Scientists now believe loud sounds trigger the same fear response as when the animals hear calls emitted by their most terrifying predators: killer whales.
Hearing unusual or loud human noises, such as sonar, triggers the same defensive reaction, Miller explains. “The whales aren’t confusing sonar with killer whale sounds,” he stresses. The cetaceans flee from sonar “likely because it is loud,” he says. “They perceive it as a general threat, and that triggers their decision to escape.”
In time, susceptible cetacean species may learn that they don’t need to flee from sonar, but “they don’t have time to evolve,” Miller says. “All they know is ‘that sonar might eat me.’ And in their race to get away, they end up on a beach.”
And you can bet when the whales start beaching themselves, no one in the Australian government will put up their hand and take responsibility.
As Spectator Australia recorded recently in a piece titled Skyscrapers in the sea: are they killing our whales?
“Offshore wind turbines have a growing list of serious problems undermining their future sustainability, but few things look worse for environmental PR than dead whales.

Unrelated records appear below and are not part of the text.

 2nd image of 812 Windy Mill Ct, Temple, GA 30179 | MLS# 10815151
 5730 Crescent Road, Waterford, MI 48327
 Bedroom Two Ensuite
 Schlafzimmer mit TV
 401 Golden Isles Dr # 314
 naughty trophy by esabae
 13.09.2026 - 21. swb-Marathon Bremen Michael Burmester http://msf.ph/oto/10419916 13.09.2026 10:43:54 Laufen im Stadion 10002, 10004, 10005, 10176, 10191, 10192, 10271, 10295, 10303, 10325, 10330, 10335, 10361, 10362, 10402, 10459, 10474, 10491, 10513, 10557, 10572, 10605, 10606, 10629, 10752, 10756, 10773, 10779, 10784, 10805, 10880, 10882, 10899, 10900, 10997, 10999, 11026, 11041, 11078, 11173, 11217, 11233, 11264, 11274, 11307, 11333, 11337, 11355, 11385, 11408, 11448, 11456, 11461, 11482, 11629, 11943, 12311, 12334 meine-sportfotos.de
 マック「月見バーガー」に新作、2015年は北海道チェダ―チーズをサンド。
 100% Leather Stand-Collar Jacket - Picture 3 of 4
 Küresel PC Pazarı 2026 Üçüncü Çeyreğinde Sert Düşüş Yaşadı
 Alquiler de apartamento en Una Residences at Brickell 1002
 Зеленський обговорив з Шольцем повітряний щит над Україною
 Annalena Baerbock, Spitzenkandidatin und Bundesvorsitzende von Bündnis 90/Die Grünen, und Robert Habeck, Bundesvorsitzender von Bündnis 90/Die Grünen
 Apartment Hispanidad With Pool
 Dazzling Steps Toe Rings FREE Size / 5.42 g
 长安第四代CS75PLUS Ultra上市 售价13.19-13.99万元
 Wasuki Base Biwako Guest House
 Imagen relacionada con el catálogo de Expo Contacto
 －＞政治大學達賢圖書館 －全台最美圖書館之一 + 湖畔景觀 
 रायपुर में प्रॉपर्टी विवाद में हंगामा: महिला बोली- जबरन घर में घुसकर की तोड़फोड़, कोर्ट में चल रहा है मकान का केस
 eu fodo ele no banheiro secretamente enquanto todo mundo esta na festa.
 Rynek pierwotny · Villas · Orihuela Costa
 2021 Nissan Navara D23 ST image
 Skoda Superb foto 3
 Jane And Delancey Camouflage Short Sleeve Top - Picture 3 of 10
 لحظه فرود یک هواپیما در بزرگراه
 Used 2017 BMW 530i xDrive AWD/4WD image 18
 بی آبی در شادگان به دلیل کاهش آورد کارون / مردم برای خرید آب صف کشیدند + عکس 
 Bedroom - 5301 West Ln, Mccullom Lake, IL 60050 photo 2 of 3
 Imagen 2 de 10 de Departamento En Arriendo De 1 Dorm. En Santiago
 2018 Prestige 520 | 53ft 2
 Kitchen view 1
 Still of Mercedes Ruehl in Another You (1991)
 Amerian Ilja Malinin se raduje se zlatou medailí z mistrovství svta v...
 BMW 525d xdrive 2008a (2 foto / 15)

“A humpback whale carcass recently washed up on the beach at Brigantine near Atlantic City, sparking concern over the preliminary work being done for huge offshore wind farms. It was the seventh inconvenient dead whale in a month around the New Jersey and New York areas. While whales do wash up from time to time, seven in a short period has caused concern.
“What is often forgotten about wind turbines is that they are essentially steel skyscrapers, fitted with blades, and affixed to the ocean floor (which is damaged in the process). These ‘cities’ are encroaching on the ocean and carpeting the shoreline, creating constant noise pollution in a sensitive environment full of creatures that use sound to survive.
“The end result is a matrix of spinning blades on the surface of the water, disrupting air patterns and massacring marine bird life.”
The destruction of the migration route of Australia’s whales and the devastating impact of windfarms on real estate values around the nation will destroy the Labor government’s credentials on climate change and come to be seen as a significant breach of public trust.
The next election must be held during or before 2025.
The conservatives, recovering from an historical defeat in 2022, can already scent blood in the water.
As for the public, shivering through another freezing winter, fed up with being gaslighted and about to see their power prices soar by 25%, all of it driven by government policy, they have simply had enough.